General payment terms include mobilisation advance, monthly progress payments with a credit period ranging from 45 to 90 days and certain retention money to be released at the end of the project. In some cases retentions are substituted with bank/corporate guarantees. The Company has a detailed review mechanism of overdue customer receivables at various levels within organisation to ensure proper attention and focus for realisation.
Cash and cash equivalents and deposits with banks
The Company has banking operations with highly rated banks including scheduled banks which are owned by Government of India and Private Sector Banks. The risk of default with government controlled entities is considered to be insignificant.
Provision for expected credit losses
Loss Allowance is measured using the expected credit loss model on assets where the probability of default is high and the counter party's capacity to meet the obligations is not strong using the expected credit loss model. The Company has assets where the counter- parties have sufficient capacity to meet the obligation and where the risk of default is very low. Assets are written off when there is no reasonable expectation of recovery, such as debtor declaring bankruptcy or failing to engage in a repayment plan with the Company.
Where loans or receivables have been written off, the Company continues to engage in enforcement activity to attempt to recover the receivable due. Where recoveries are made, these are recognised in profit or loss.
Liquidity risk
Liquidity risk is the risk that the Company will encounter difficulty in meeting the obligations associated with its financial liabilities that are settled by delivering cash or another financial asset. The Company's approach to managing liquidity is to ensure, as far as possible, that it will always have sufficient liquidity to meet its liabilities when due, under both normal and stressed conditions, without incurring unacceptable losses or risking damage to the Company's reputation.

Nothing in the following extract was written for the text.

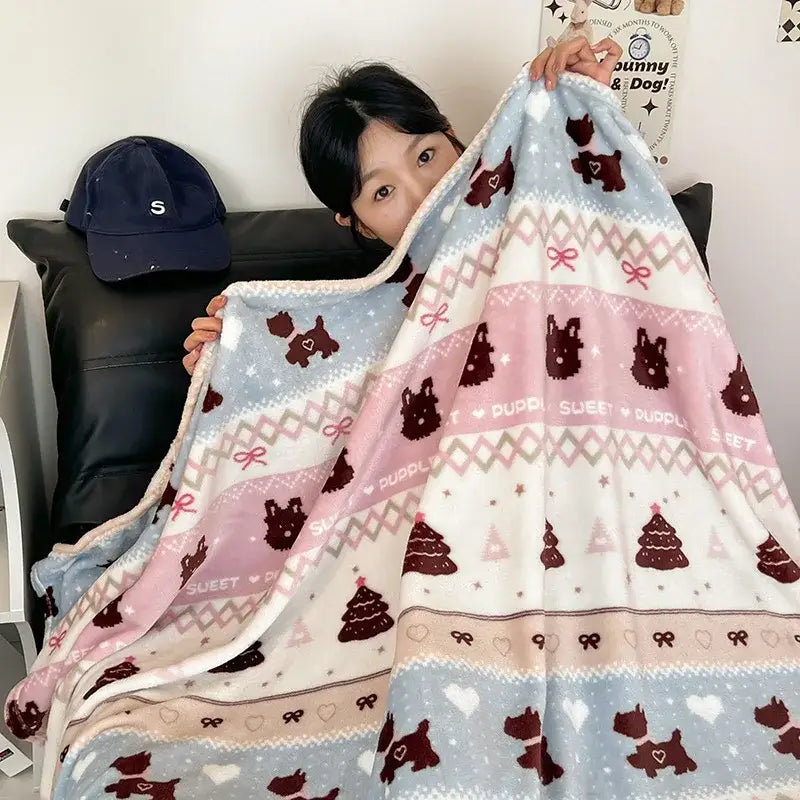 Red and white happy puppy velvet printed blanket with plush pastel scottish terrier and christmas tree pattern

The Company manages liquidity risk through cash credit limits and undrawn borrowing facilities by continuously monitoring forecast and actual cash flows.

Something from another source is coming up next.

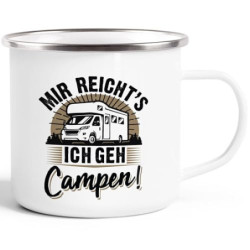 MoonWorks® Emaille-Tasse Camping Mir reichts ich geh campen Spruch lustig Geschenk für Wohnmobilfahrer emaille-weiss-silber s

The Company's treasury department is responsible for managing the short term and long term liquidity requirements of the Company. Typically the Company ensures that it has sufficient cash on demand to meet expected operational expenses for a period of 60 days, including the servicing of financial obligations, this excludes the potential impact of extreme circumstances that cannot reasonably be predicted, such as natural disasters.
Market risk
Market risk is the risk that changes in market prices, such as foreign exchange rates, interest rates and equity prices will affect the Company's income or the value of its holdings of financial instruments. The objective of market risk management is to manage and control market risk exposures within acceptable parameters, while optimising the return.
Interest rate risk
The Company's exposure to changes in interest rates relates primarily to the Company's outstanding floating rate debt. While most of the Company's outstanding debt in local currency is on fixed rate basis and hence not subject to interest rate risk.
47. (a) The final dividend proposed in the previous year, declared and paid by the company during the year is in
accordance with Section 123 of the Act, as applicable.
(b) The Board of Director of the Company have proposed final dividend for the year, which is subject to the approval of the members at the ensuing Annual General Meeting. The amount of dividend proposed is in accordance with Section 123 of the Act, as applicable.
48. Previous year's figures have been regrouped and rearranged wherever necessary.